Bayer, like other German companies, has substantial worker representation on its supervisory board, a structure that helps insulate it from the whims of the stock market.
All of Monsanto’s directors, by contrast, are elected annually by shareholders. In the U.S., a board that rejects a credible takeover offer is vulnerable to lawsuits, fierce criticism on CNBC and a nasty proxy fight.
Radhakrishnan Gopalan, associate professor of finance at Washington University’s Olin Business School, says Monsanto had little maneuvering room once Bayer made its initial offer.
Given the bad news it has delivered recently — last month, Monsanto said its earnings would be at the low end of its target range for this year and would remain under pressure next year — Gopalan believes the stock market would have reacted harshly if the company had rejected Bayer outright.

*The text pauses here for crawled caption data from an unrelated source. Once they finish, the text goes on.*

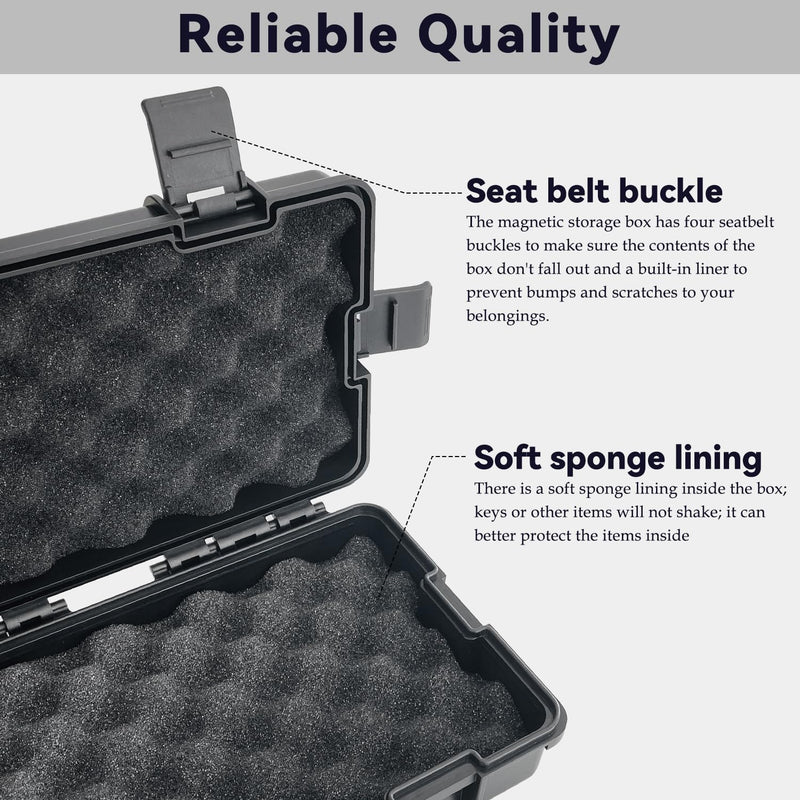 Magnetic Key Box for Under Car, Magnetic Key Hider, Waterproof Hidden Key Holder Case for Outdoor Travel, Magnetic Key Holder Under Car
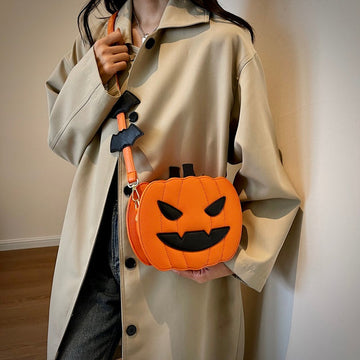 Halloween Pumpkin Crossbody Bag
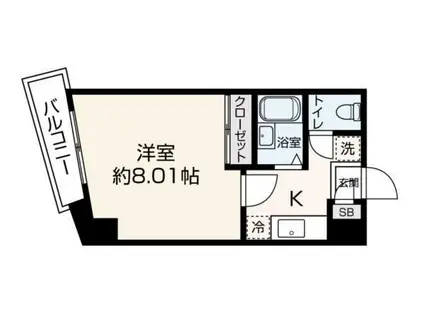 コンセール大塚台(1K/4階)の間取り写真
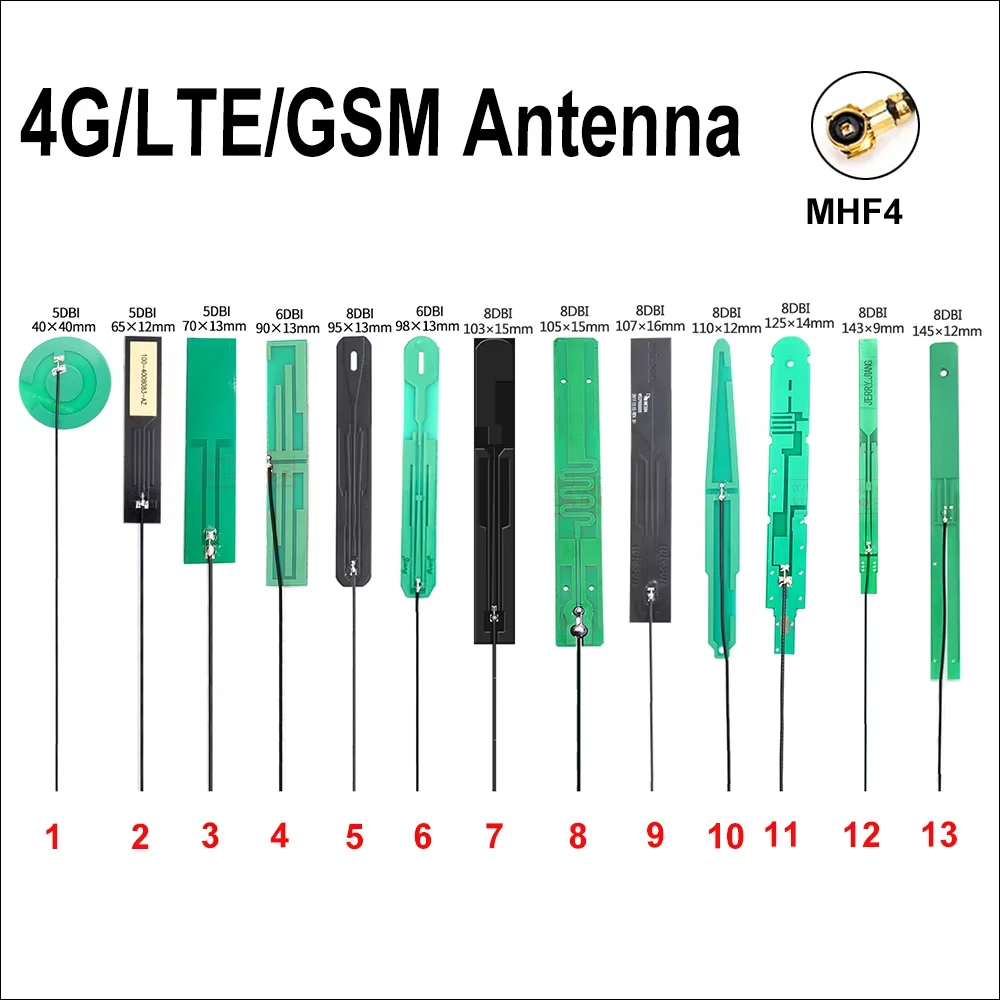 3 piece LTE antenna IPX4/MHF4 8DBi 3G 4G nb-iot for router LTE wireless modules EM06-E EM12-G EM160R-GL ME909S-120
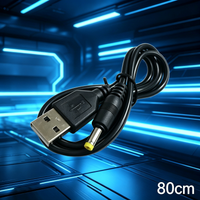 3pcs 2 In 1 0.8m Cable USB Charger For 1000 2000 3000 USB 5V Charging Plug Charging Cable USB To DC 1A Plug Power Cord Game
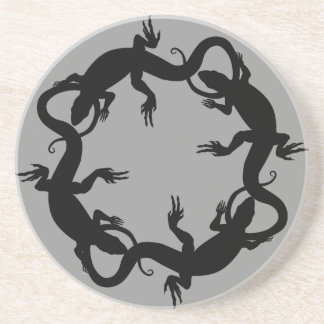 Posavasos De Arenisca Lizard Coasters Reptiles Art Decor Lizard Regalos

“They needed a change of direction, because the industry is going through some tough times,” Gopalan said. “This is a pretty darned attractive offer considering the state of the industry and the target.”
Even though Bayer’s initial bid of $122 a share struck many analysts as too low, the German company’s no-nonsense stance worked. It ended up paying just 5 percent more at $128 a share.
Although Monsanto said repeatedly that it was considering other strategic options, in the end it had to say yes or no. “If the alternative is selling to Bayer or standing alone in a weak environment, you don’t have all that much bargaining power,” Gopalan said.
Had Monsanto walked away, the market reaction would have been ugly. Its shares might have fallen 15 percent to 20 percent, putting them back where they were before Bayer expressed interest, or more. Lawsuits would have been inevitable.
“Many shareholders are short-term in nature,” says Matt Arnold, an analyst at Edward Jones. “The board can govern for the long term, and I think they do, but shareholders are holding them to a short-term standard in many respects.”
So the U.S. version of capitalism, along with a farm slump that has been longer and deeper than anyone expected a year ago, has handed the Germans a great bargain.
In a way, that may be good. If Bayer had paid more, it would be under more cost-cutting pressure and would have less ability to invest in research while profits remain depressed. Such investments, in the end, are St. Louis’ biggest stake in this deal.